### PROMPT:
Would you return the listing that follows exactly, leaving its pictures behind?

### SOURCE DATA:
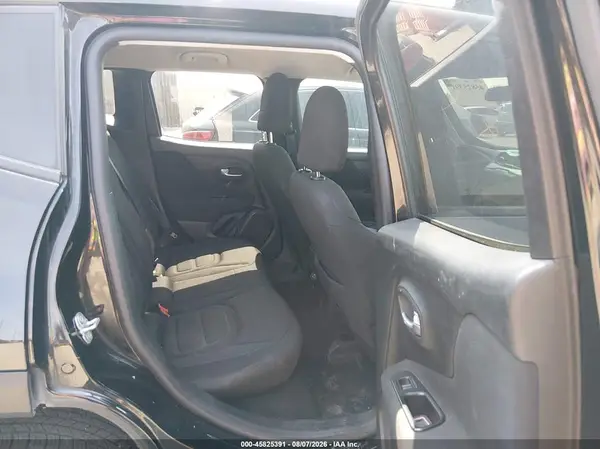 ZACNJBBBXLPL53175 2020 JEEP RENEGADE - Image 8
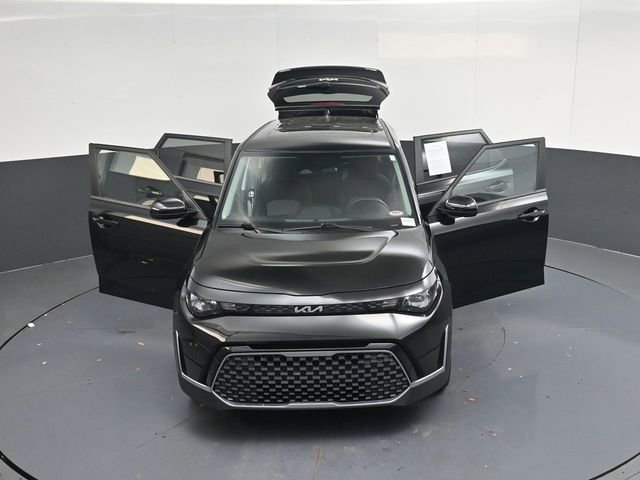 Used 2025 Kia Soul EX image 55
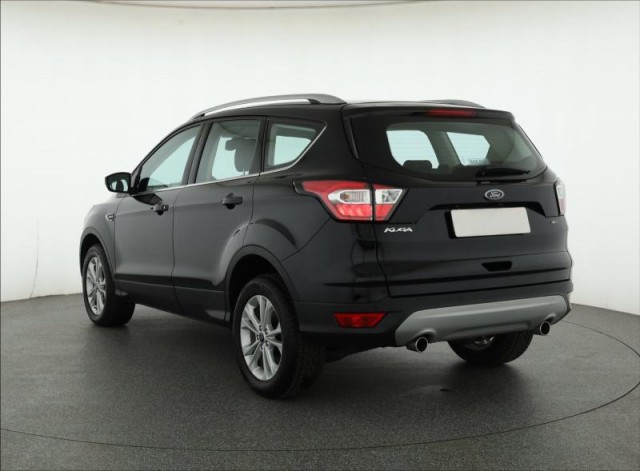 Ford Kuga  2.0 TDCi 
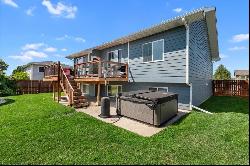 2712 Shad Street, Rapid City SD 57703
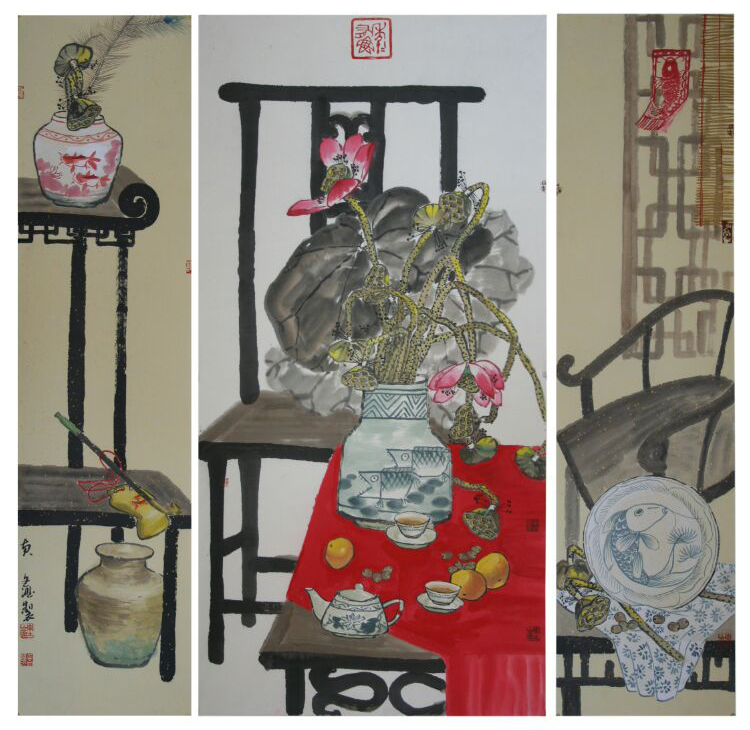 作品 2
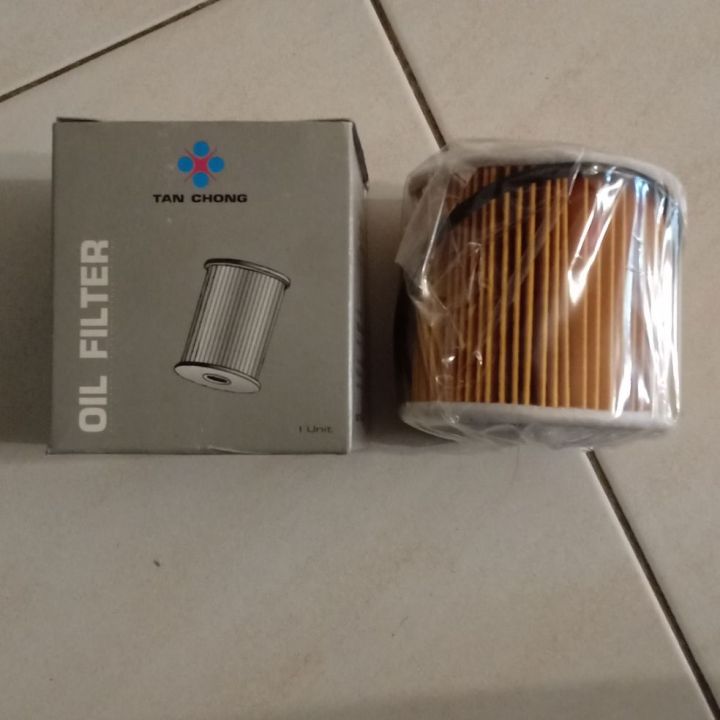 Nissan frontier D22 oil filter original Lazada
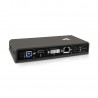 V7 Universal USB 3.0 Docking Station | V7 Docks & Port Expansions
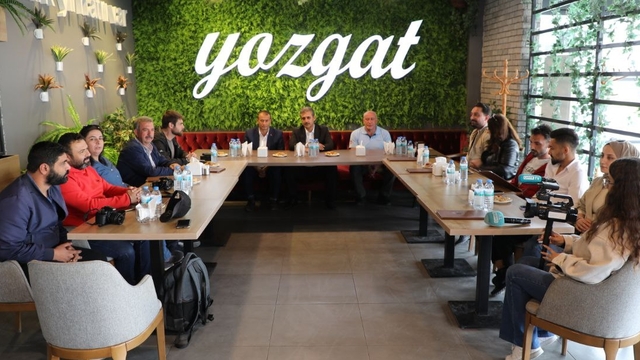 Yozgat Belediyesi yağlı güreş turnuvası düzenleyecek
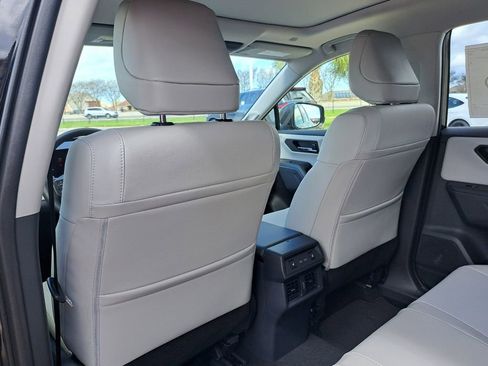 New 2026 Toyota RAV4 Limited image 27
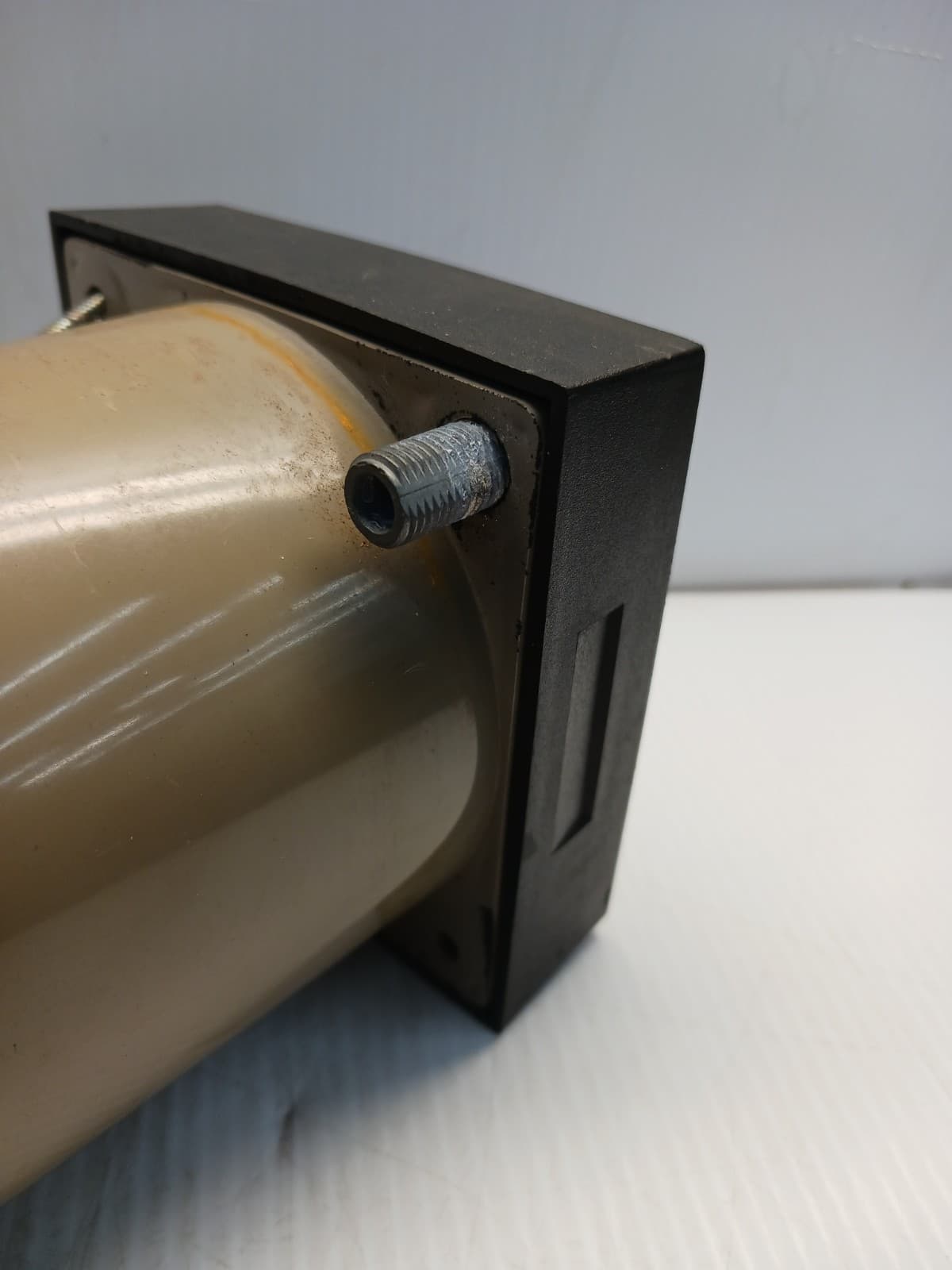 ATC 342A200Q10PX Repeat Cycle Timer 120 Vac 5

### ANSWER TO THIS EXERCISE:
 ZACNJBBBXLPL53175 2020 JEEP RENEGADE - Image 8
 Used 2025 Kia Soul EX image 55
 Ford Kuga  2.0 TDCi 
 2712 Shad Street, Rapid City SD 57703
 作品 2
 Nissan frontier D22 oil filter original Lazada
 V7 Universal USB 3.0 Docking Station | V7 Docks & Port Expansions
 Yozgat Belediyesi yağlı güreş turnuvası düzenleyecek
 New 2026 Toyota RAV4 Limited image 27
 ATC 342A200Q10PX Repeat Cycle Timer 120 Vac 5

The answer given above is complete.